Une fois arrivée devant la porte, la jeune femme ressentit une étrange impression de solitude, la vieille maison semblait plus lugubre que jamais et son cœur se contracta. Elle s'en voulait de laisser son hôte ici, complètement seul. Ce dernier lui ouvrit la porte, un sourire faussement joyeux plaqué sur les lèvres. La vélane hésita un instant, elle l'observa discrètement puis s'approcha de lui.
Délicatement elle vint presser ses lèvres contre sa joue. Ce n'était qu'un simple au revoir mais au fond d'elle-même elle ressentait une étrange impression. Sirius parut surpris mais ne bougea pas.

« Au revoir », souffla-t-elle en passant la porte avant de transplaner.

A peine avait-elle franchit la porte du grand hall, qu'un Peeves plus fou que jamais lui jeta une bombe à eau qui la détrempa jusqu'aux os. S'étant rendu compte de son erreur sur la personne, il disparut en une fraction de seconde.
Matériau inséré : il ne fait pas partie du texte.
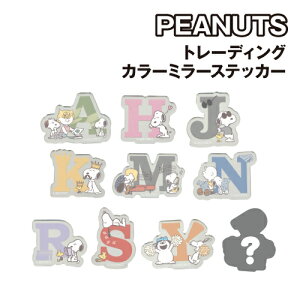 Xk[s[ g[fBOJ[~[XebJ[ SN-5541967 / S10 At@xbg s[ibc uU[Y W[N[ It `[[uE EbhXgbN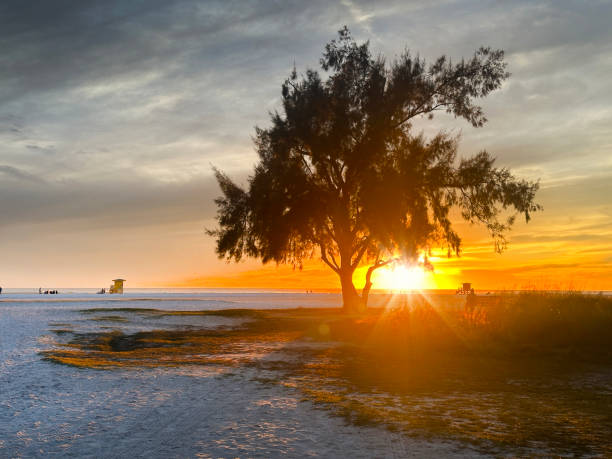 istock Tropical beach with single tree and people during sunset 2044860561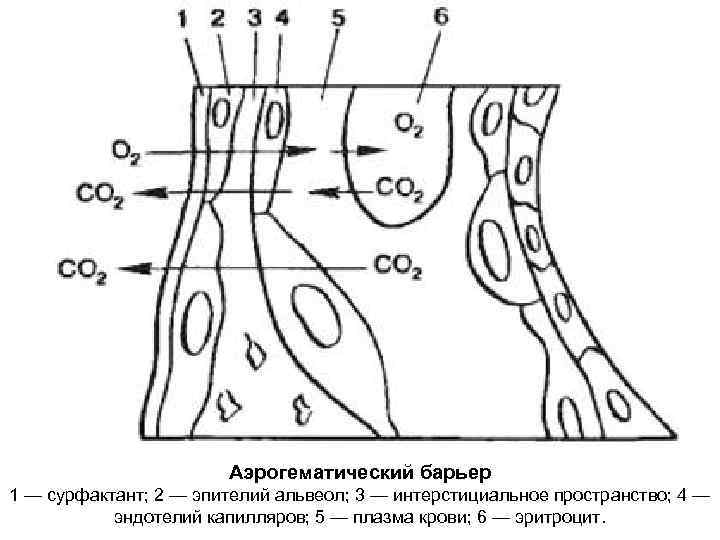 Схема строения аэрогематического барьера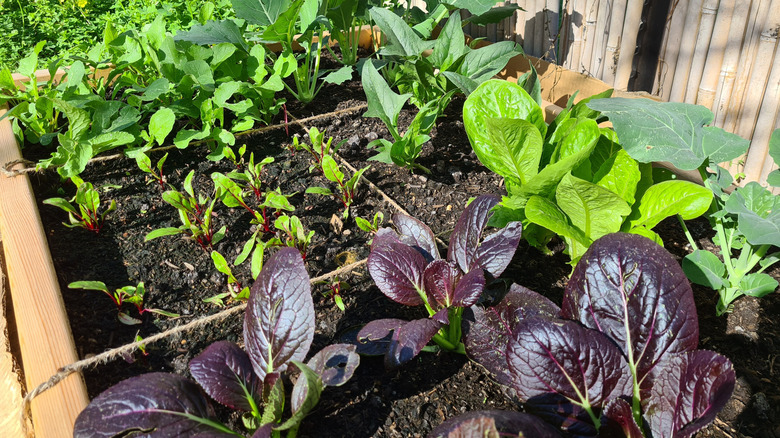 Square foot gardening bed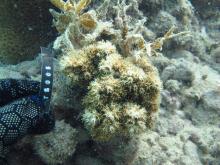 Galaxea acrhelia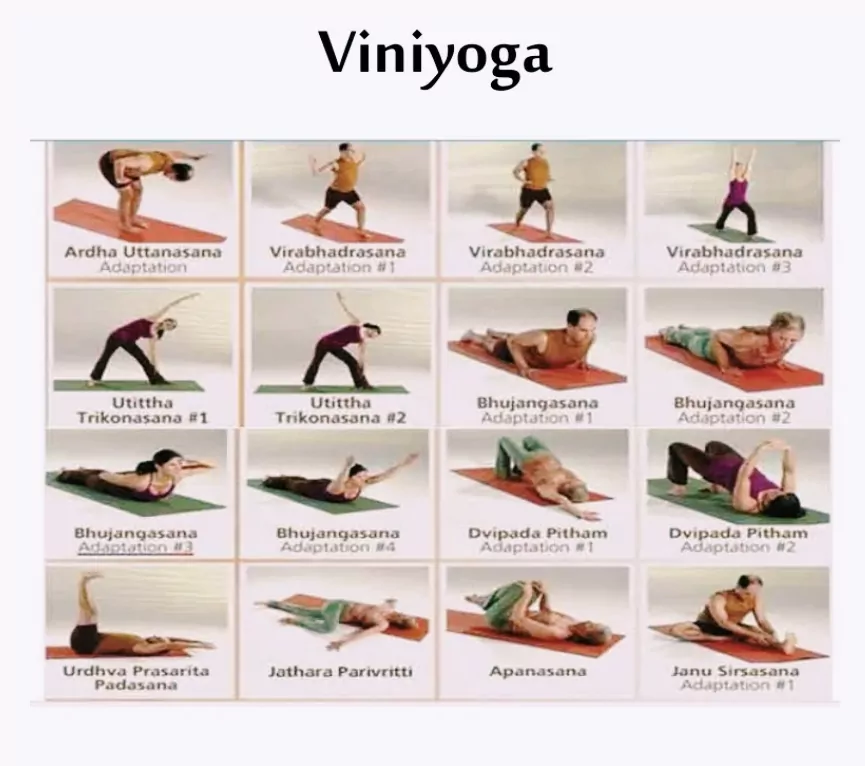 Viniyoga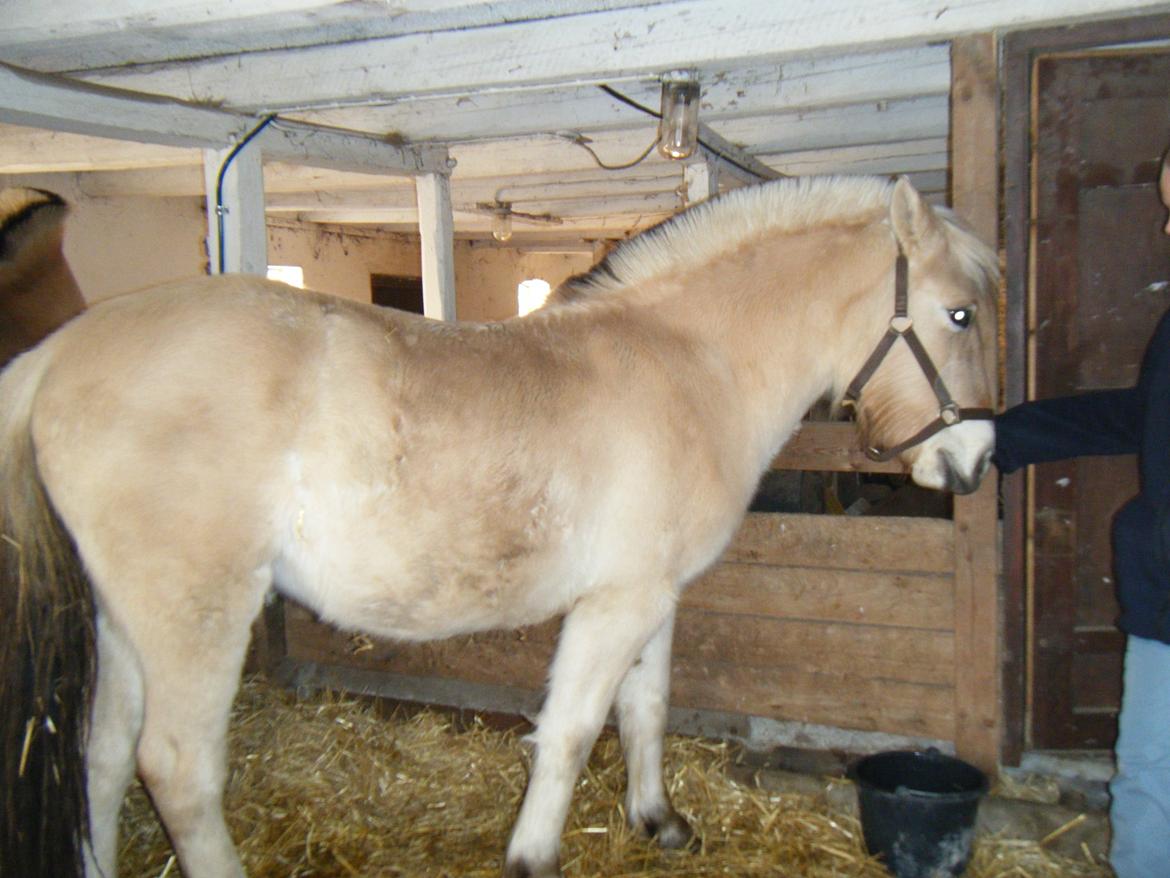 Fjordhest Trunde billede 17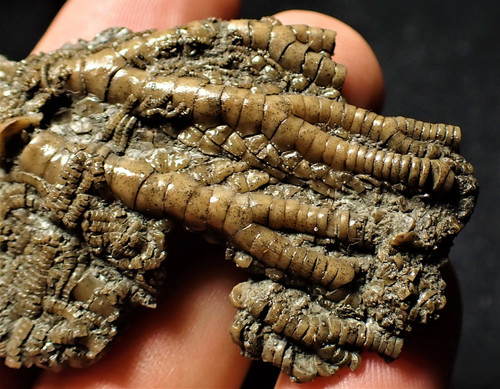 Detailed crinoid head fossil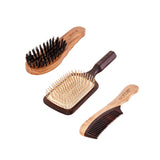 Essential Brush Set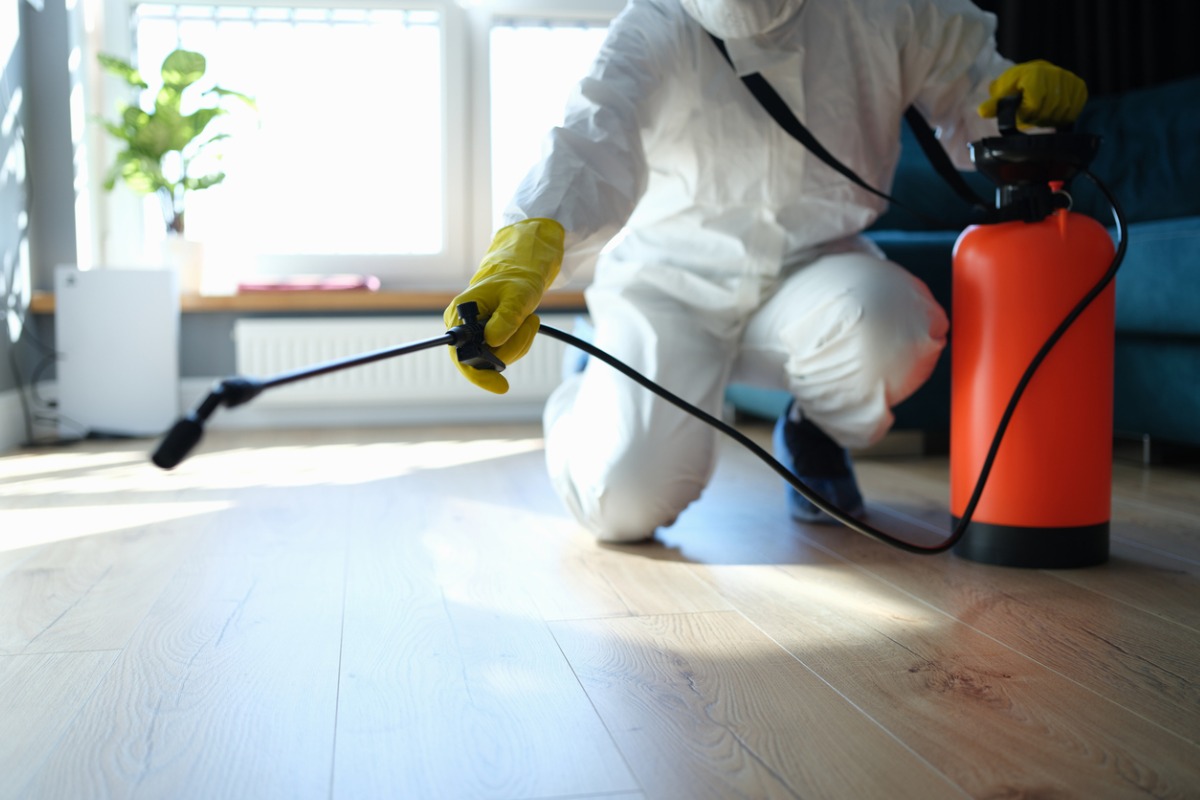 Pest Control Services Delhi | +91 81785 37500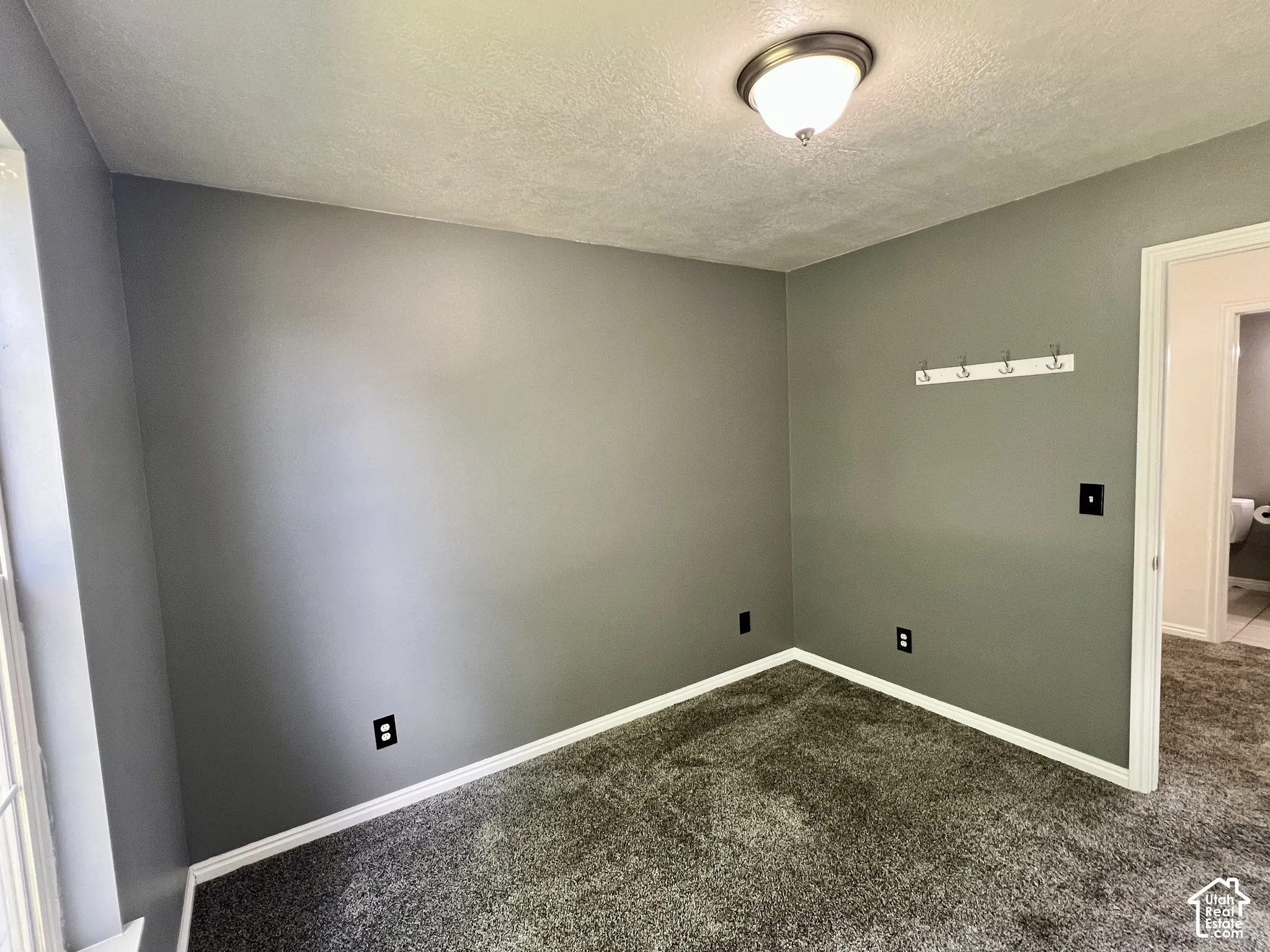 Neutral-toned interior walls, plush wall-to-wall carpeting, and a flush-mount ceiling light fixture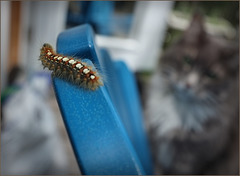 Some caterpillar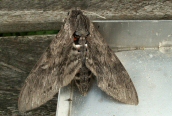 Conolvulus Hawkmoth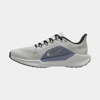 Изображение AIR ZOOM PEGASUS 41
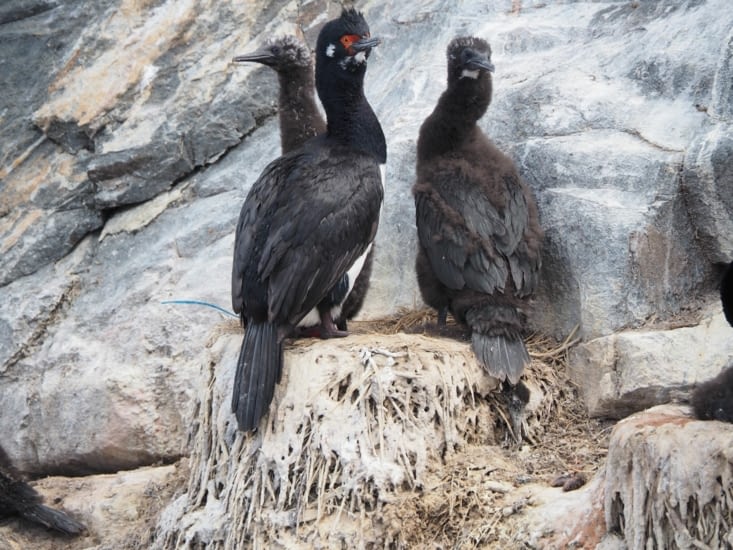 Des cormorans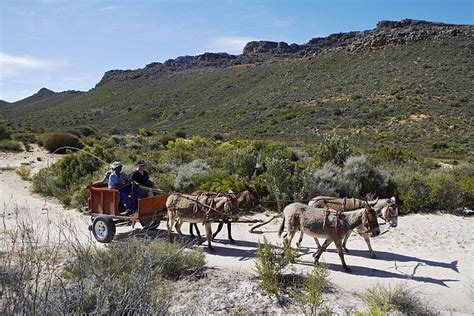 Walks In The Central Cederberg Our Recommendations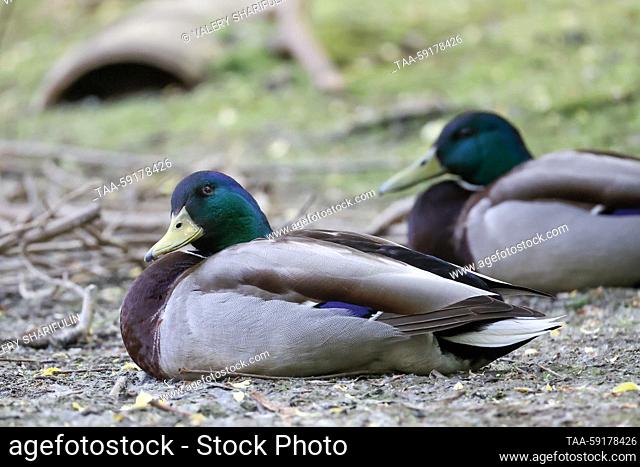 RUSSIA, MOSCOW - MAY 18, 2023: Ducks are seen by Moscow's Borisovo Ponds. On May 18, Moscow Mayor Sergei Sobyanin ordered to impose restrictions in Moscow's...
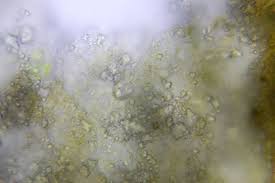 Attēlu rezultāti vaicājumam “Didymium xanthopus”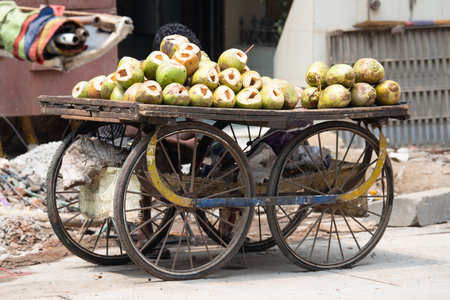 Fresh coconuts on a market stall in India, tropical fruit and milk drink, street of Mumbai, Nam Hom coconutの写真素材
Jurant comme une charretière, Circia fût encore plus énervée en apercevant le maître des potions, qui sortait de la grande salle, s'amuser de la situation.

« Vous fermez là, ce n'est vraiment pas le moment ! », cracha t'elle en égouttant ses cheveux.

« Evaporem ! », souffla t'il en pointant sa baguette magique sur la jeune femme.

Immédiatement Circia ressentit une intense chaleur, un nuage de fumé se forma autour d'elle et quelque seconde plus tard elle était aussi sèche qu'avant.

Pour seule réponse, la vélane grogna et jeta un regard noir à son collègue. Elle n'avait pas oublié la façon dont il l'avait encore traité la veille, la laissant une fois de plus dans un flou total.

« Les gens civilisés utilisent le mot merci, pour formuler leur gratitude… », rallia-t-il non sans un sourire mesquin aux coins des lèvres.

« Vous étiez bien moins loquasse hier soir quand vous… », la jeune femme n'eut pas le temps de terminer sa phrase, un sifflement agacé la coupa.

Rogue tourna la tête de droite à gauche, vérifiant que personne ne pouvait les entendre.

« Vous ne savez donc pas tenir votre langue ! », maugréa-t-il, visiblement embarrassé et en colère.

La vélane le fixa un instant.

« Décidément je ne vous comprendrais jamais… », cracha t'elle en le bousculant pour se diriger vers la grande salle.

Elle sentit la main de l'homme tenter d'agripper son bras pour la retenir mais d'un geste brusque elle l'en empêcha et ne se retourna pas, bien décidée à l'ignorer totalement.